Chovia na noite da quarta-feira nas ruas de Olinda. Chovia de duas formas, a primeira delas é das águas rolando nos paralelepípedos daquele lugar e a outra é das lágrimas de pierrots e columbinas, anjos e demônios, pessoas e pessoas que viveram toda a experiência com o corpo e as sensações durante os dias que se passaram. Chovia assim dubiamente por que não era uma quarta qualquer, acabou-se o carnaval. A chuva (e as lágrimas) lavavam o chão como se exorciza-se cada pedacinho de momento que produziram a magia da entrega e a vivacidade da leveza imagética nos rostos alheios.
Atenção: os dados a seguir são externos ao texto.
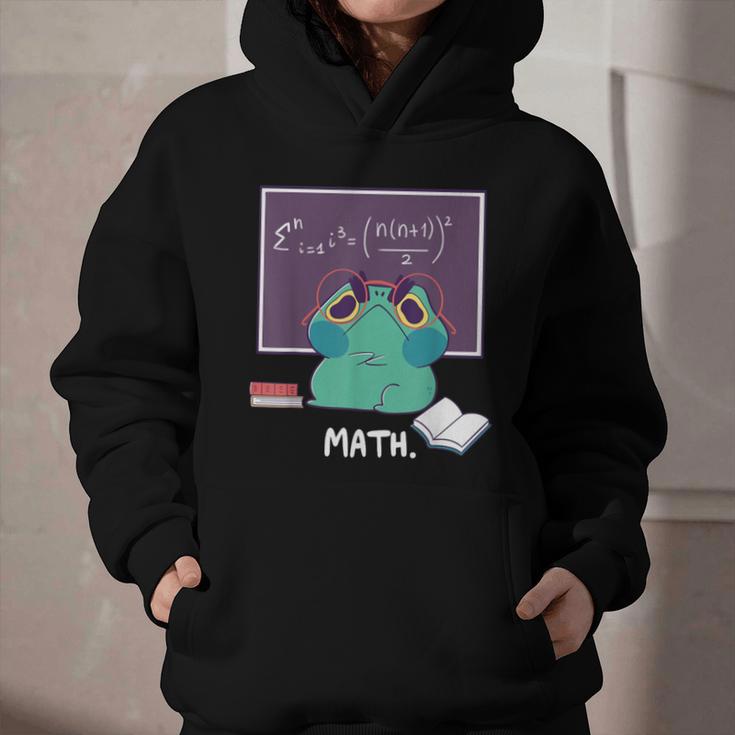Frog Hates Math Kawaii Science Back To School Kids Graphic Youth Hoodie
Os sentimentos continuam perpassando mas, como era carnaval, era nítido que a liberdade de sentir estava pontuado como eixo central dos olhares. E então, se molhavam de água, se enxarcavam de perfume, se lambuzavam de lama. Aquelas ruas permitiam mais. Bem mais. Então, se vestiam com capas de super-heróis, se infiltravam nos contos de fada, eram personagens da caixinha mágica de luz, se protegiam com máscaras ornamentadas e outras tantas criatividades. No auge, quando se olhava pra trás, descendo ou subindo ladeiras, uma multidão de cores se formava. Energizava. Emocionava!

O outro te sorria sempre. Quando em coletivo se dava "olares/oiê/ahan", quando se passava de timbaleiro, quando a espuminha pairava pelo ar, quando a água era jogada sobre o corpo. E tudo ia acontecendo como se em um outro lugar do espaço/tempo, como se outra dimensão acercasse, como em outro mundo.

Por outras ruas alí por perto, em um lugar não tão mais antigo, outros sonhos de momo. Frevos e passinhos acompanhavam a decoração de desenhos de beleza e delicadeza, além de confetes e serpentinas. A sinceridade da rabeca rangia os acordes junto a notas suaves de guitarra; os tambores de Naná com a Luz de Tieta de Caetano; a verdade nos olhos de um moço lírico; o povo acompanhava madeira do rosarinho com mãos pro alto; e sambas em alto-astral.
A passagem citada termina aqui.